9 – Os meios de comunicação teimam em afirmar que o brasileiro lê pouco. No entanto, de um modo geral, os escritores que não estão na “vitrine” da grande mídia, sofrem para divulgar os seus livros. Como o senhor avalia o cenário editorial em Santa Catarina?
Para quem não tem a mídia atrás de si ou recursos pecuniários, é péssimo. Cultura no nosso estado, como no Brasil, não tem muita audiência. O brasileiro pouco ou quase nada lê, apesar dos programas bem comportados de leitura. Não tenho dúvida que o nosso próprio meio pouco nos lê. Os computadores nos tiram também o hábito de leitura. Lemos neles de forma superficial e rápida. 

10 – Que pergunta o senhor gostaria de responder e que não lhe foi feita?
É meu desejo que nossos acadêmicos das entidades culturais tenham compromisso com a produção literária, com a frequência aos eventos e com o pagamento em dia de suas pequenas anuidades. Vejo que alguns buscam somente o título e depois abandonam o fazer literário e suas obrigações estatutárias. E somos normalmente lenientes no cuidar desses casos, como é norma no nosso país.
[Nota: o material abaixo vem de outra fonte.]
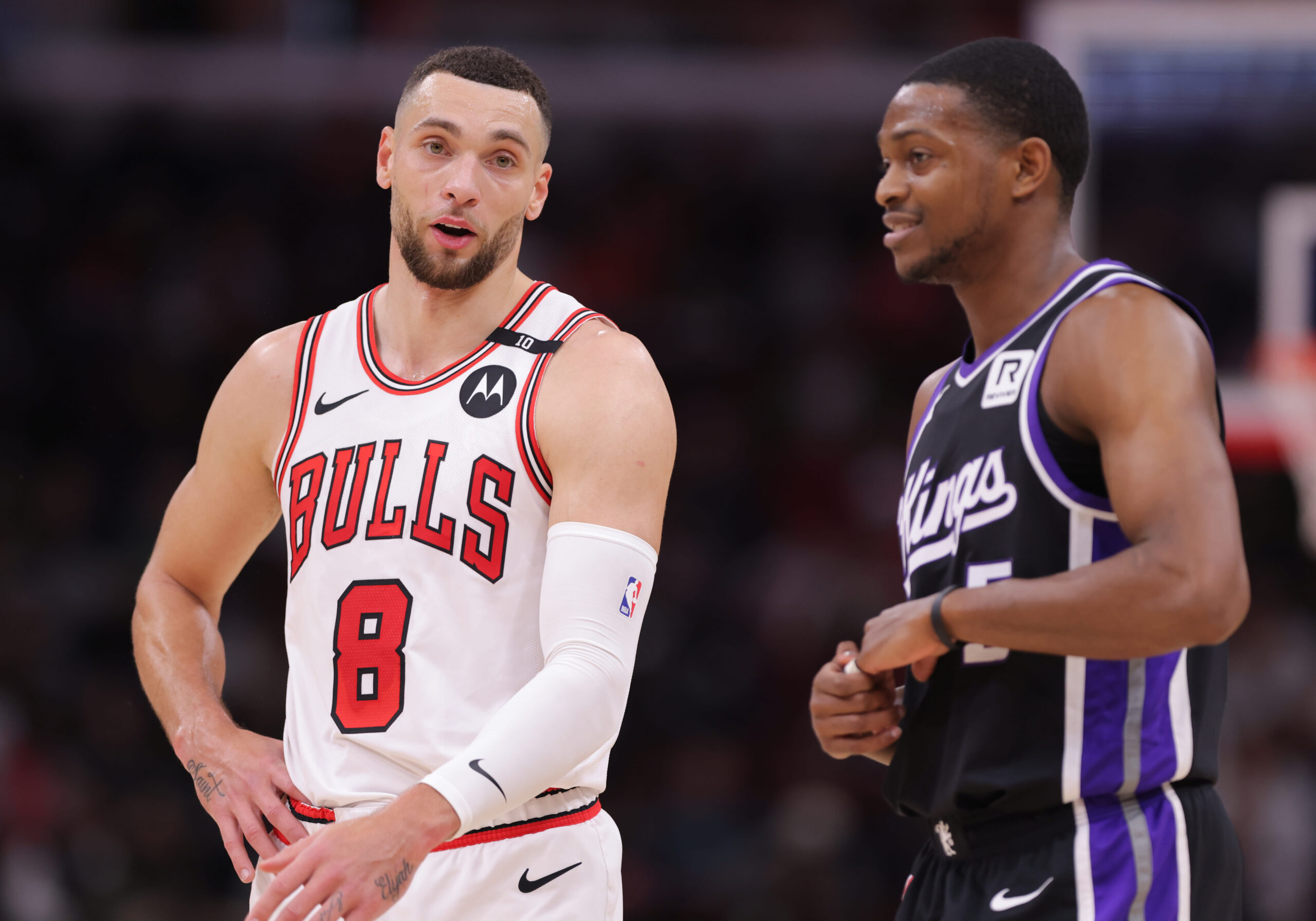 You are currently viewing Fantasy Basketball Trade Reaction: Winners and losers of De’Aaron Fox to Spurs, Zach LaVine to Kings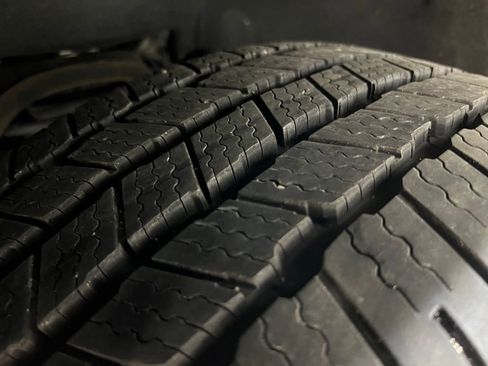 Used 2018 GMC Yukon Denali w/ Open Road Package image 14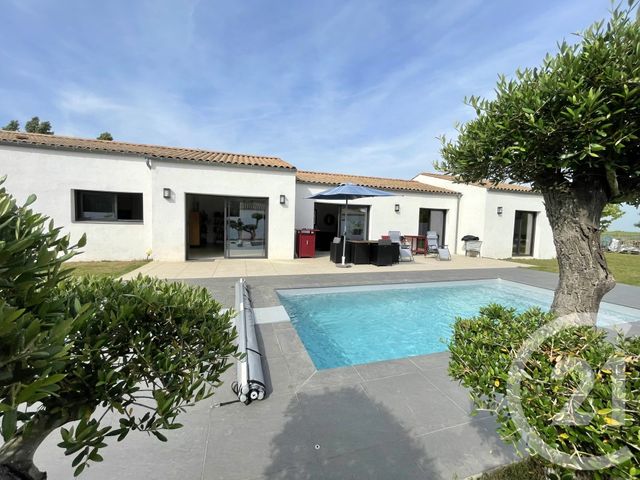 maison à vendre - 5 pièces - 146.56 m2 - BREUILLET - 17 - POITOU-CHARENTES - Century 21 Grand Large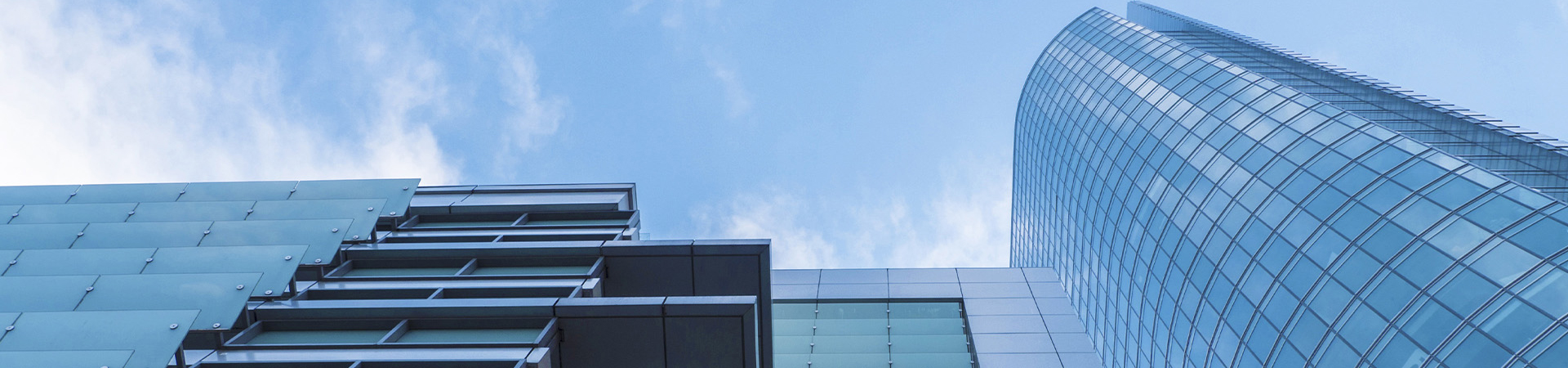 關(guan)於(yu)我(wo)們(men)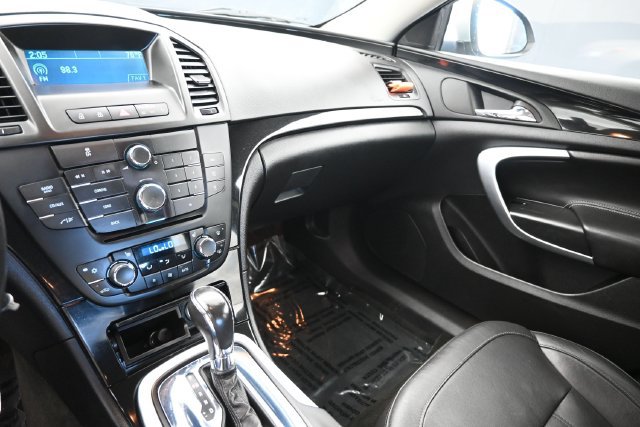 Used 2012 Buick Regal Leather FWD image 18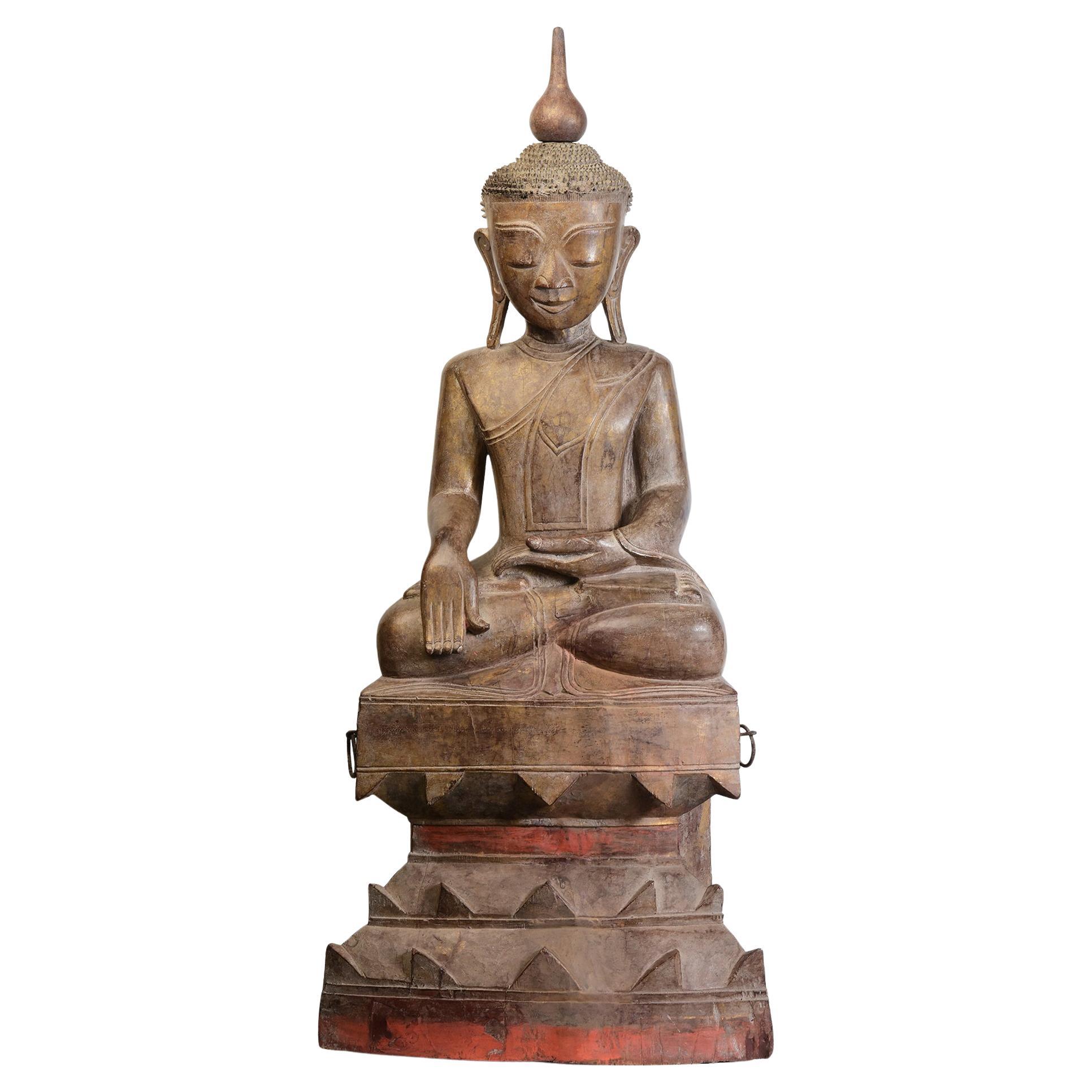 17° - 18° secolo, Shan, Antico Buddha seduto birmano in legno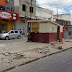 Comerciantes da Lourival Batista iniciam remoção voluntária das barracas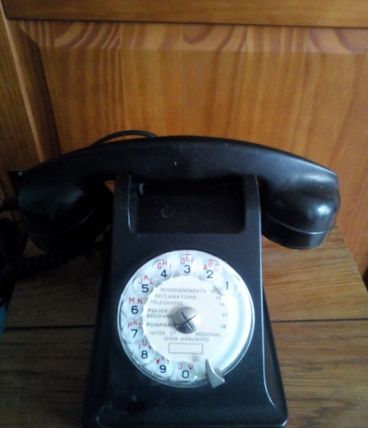 Téléphone à cadran en bakélite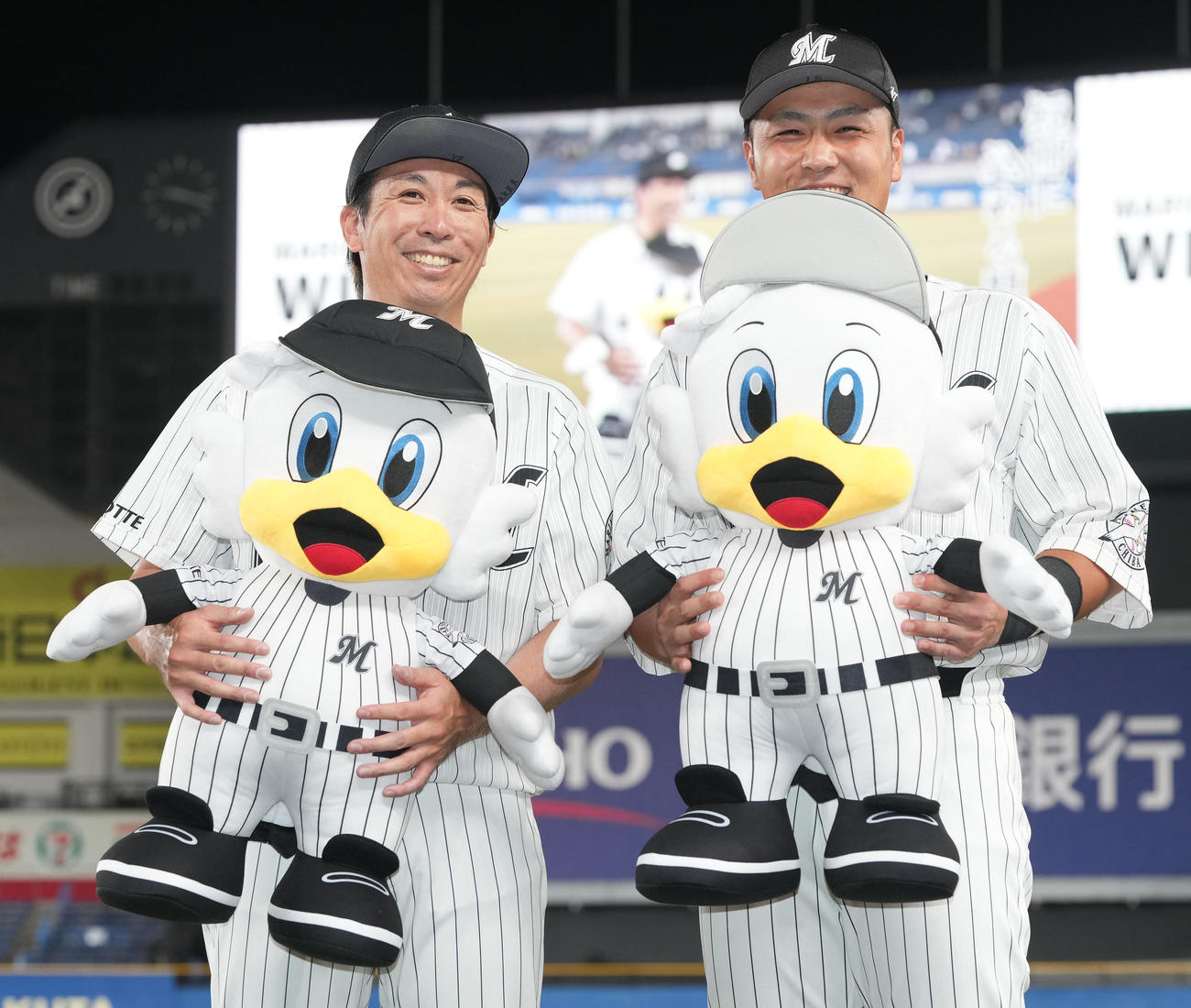 ロッテ対日本ハム　今季20セーブ目のロッテ益田（左）は山口と笑顔で記念撮影（撮影・鈴木みどり）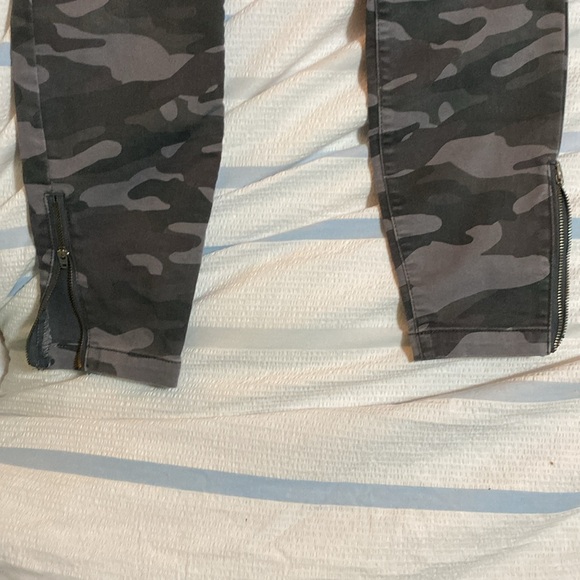 Knox Rose pants size 2 barely worn. Camo pattern , zip ankles & pockets - Picture 3 of 5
Há integrantes de academias que nem conheço, apesar de já participar de duas há dois anos. 

11 – A Travessia da Palavra é um blog livre. Portanto, expresse o que o senhor gostaria de dizer e nunca teve a oportunidade. Afinal, a liberdade de expressão não pode ser simples retórica.
Estou numa situação em minha vida em que digo o que penso, principalmente sem medo de patrulha ideológica. Obviamente não ofenderei ninguém, pois há que se respeitar o próximo. Mas esta liberdade para mim é vital, respiratória.

12 – Como as pessoas podem contatar o senhor? Site, blog, e-mail, fone...
Meu blog se denomina “Ao correr do teclado”. Nele exponho minhas idéias políticas, algo que procuro não fazer nos meus livros. É bem freqüentado. Meu e-mail é roberto.rodrigues.menezes@gmail.com e telefone (48) 3244-2952.
E agradeço a oportunidade, esperando que o entrevistador seja muito feliz e realizado na sua Academia São José de Letras.